■ Problem requirements ■
Taking the line with "Happy new year" as the first and the line with "Армирование спиральной камеры" as the last, set down the lines below exactly, pictures excluded.

■ Supplied data ■
##############################

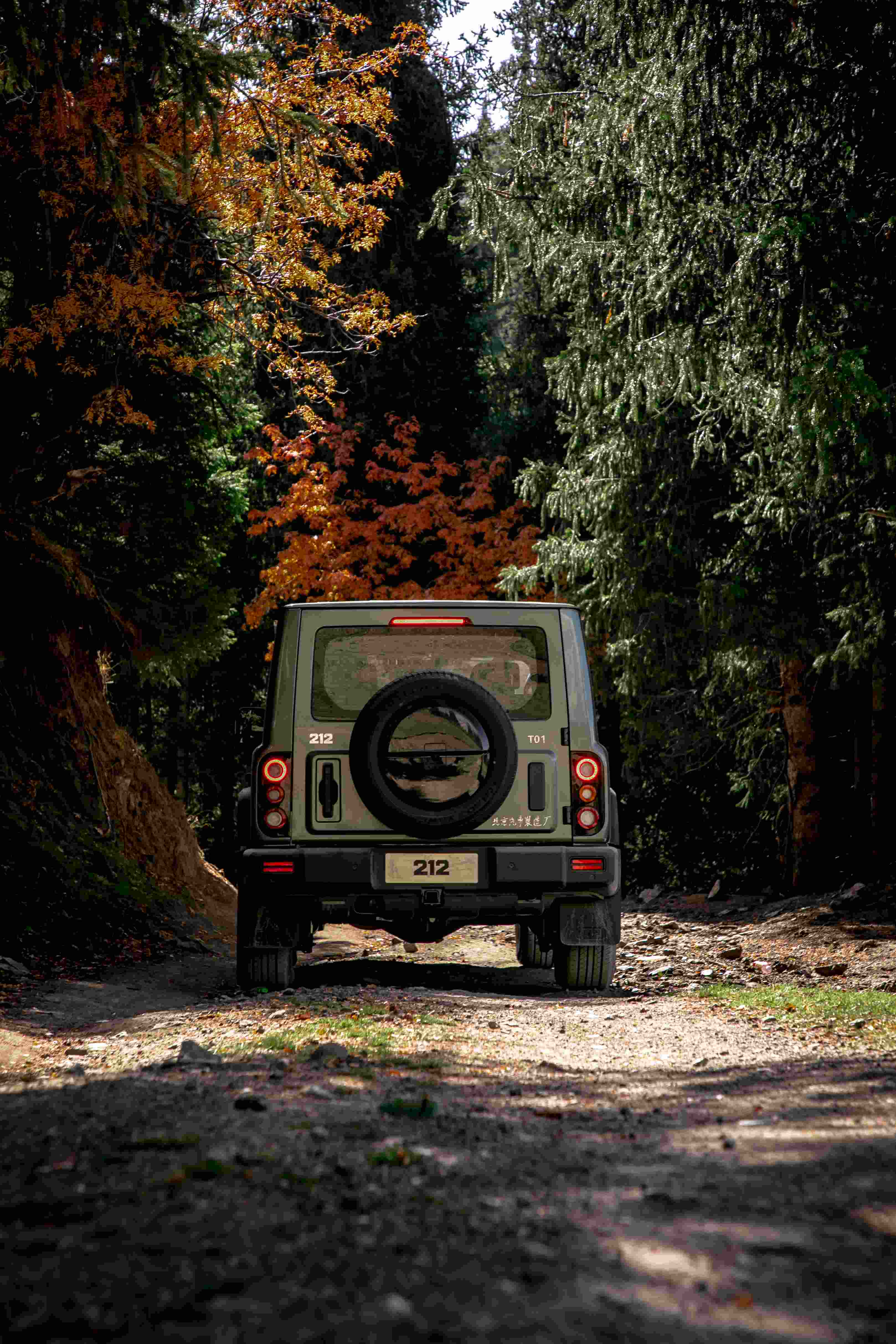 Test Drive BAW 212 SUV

##############################

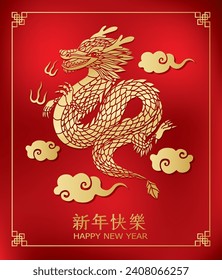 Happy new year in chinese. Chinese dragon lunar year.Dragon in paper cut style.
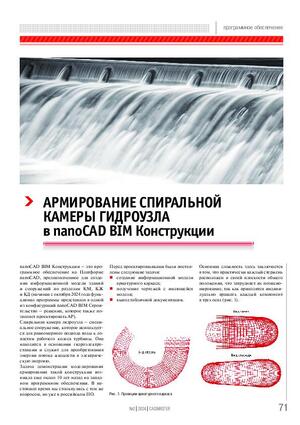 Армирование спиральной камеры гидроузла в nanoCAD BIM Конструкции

##############################

■ Answer to this problem ■
 Happy new year in chinese. Chinese dragon lunar year.Dragon in paper cut style.
 Армирование спиральной камеры гидроузла в nanoCAD BIM Конструкции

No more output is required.